All this is illustrated with copious examples, presented as a kind of speed conversation. One can forgive the many gaps and flaws: the text mistakes ‘parabolic growth’ for ‘exponential’ (p14) and quotes the Millennium Development Goals which have been superseded by the Sustainable Development Goals. As for the famous Medellin (Columbia) experiments in urban acupuncture (p 42) – the ‘slum escalators’ are seen on the ground as (costly) gimmicks, the iconic cable cars serve only a fraction of the favelas, and meanwhile private high rise ‘urbanisation’ continues with security guards and underground parking.
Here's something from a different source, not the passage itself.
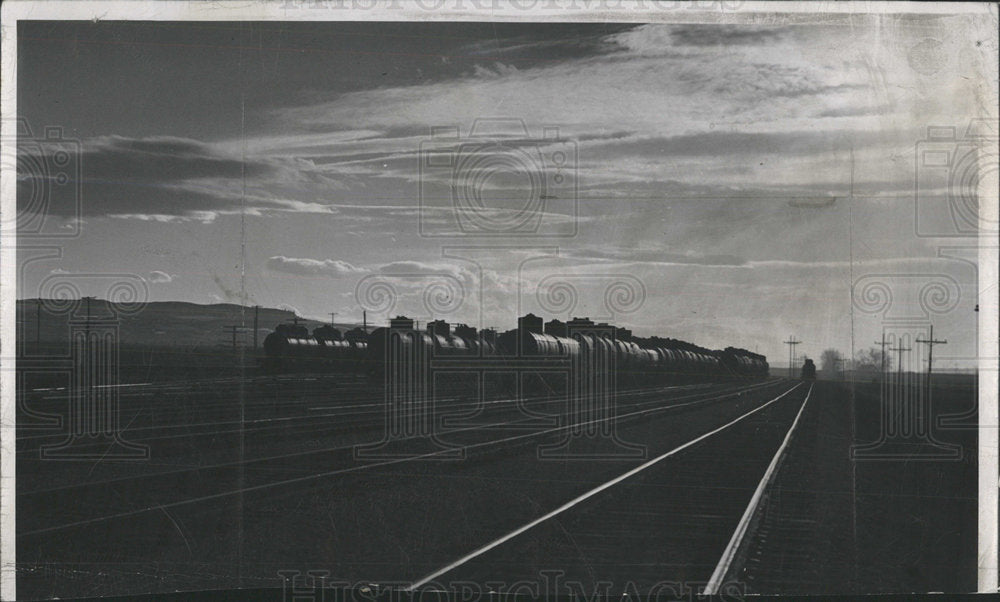 Press Photo gasoline Tank car Billing Sundown Track  - Historic Images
And in the discussion of over-valued land / housing markets and the topical ideas on ‘hiving’ or planned subdivision, there is a blanket assumption that the ‘market has failed’ for average income households – again reality could be rather more complex.
Even with such shortcomings, the book’s proposition deserves to be taken forwards, both in theory and in practice, as a genuine attempt to bring urban systems thinking into practical application. Creative practitioners of many kinds may gain something useful – designers, urban planners, housing providers, students and campaigners – and hopefully, socially conscious landlords and builders. As of 2021 the pandemic may serve to accelerate new thinking in urban planning and design, real estate, housing management and transport policy, as society moves online, and both workers and consumers are now local or multi-locational. The neo-liberal model of top-down corporate design with mono-functional private housing and profit-focused services, may already be morphing into something more self-organizing, with mutual learning and exchange between a wider set of stakeholders, with deeper layers of value and meaning. With cities as arenas not only for citizens and communities, but also for power and expropriation, it seems the future will not be straightforward – but it will surely be interesting.
Alexander, C., Silverstein, M. and Ishikawa, S. (1977). A Pattern Language: Towns, Buildings, Construction. Oxford: Oxford University Press.
Jacobs J. (1965). The Death and Life of Great American Cities, Harmondsworth, UK: Penguin.
Karas, H. (2017). The unprecedented expansion of the global middle class: an update. Washington, DC: Brookings Institute.
Piketty,
T. (2014). Capital in the 21st
Century, Cambridge, MA: Harvard University Press.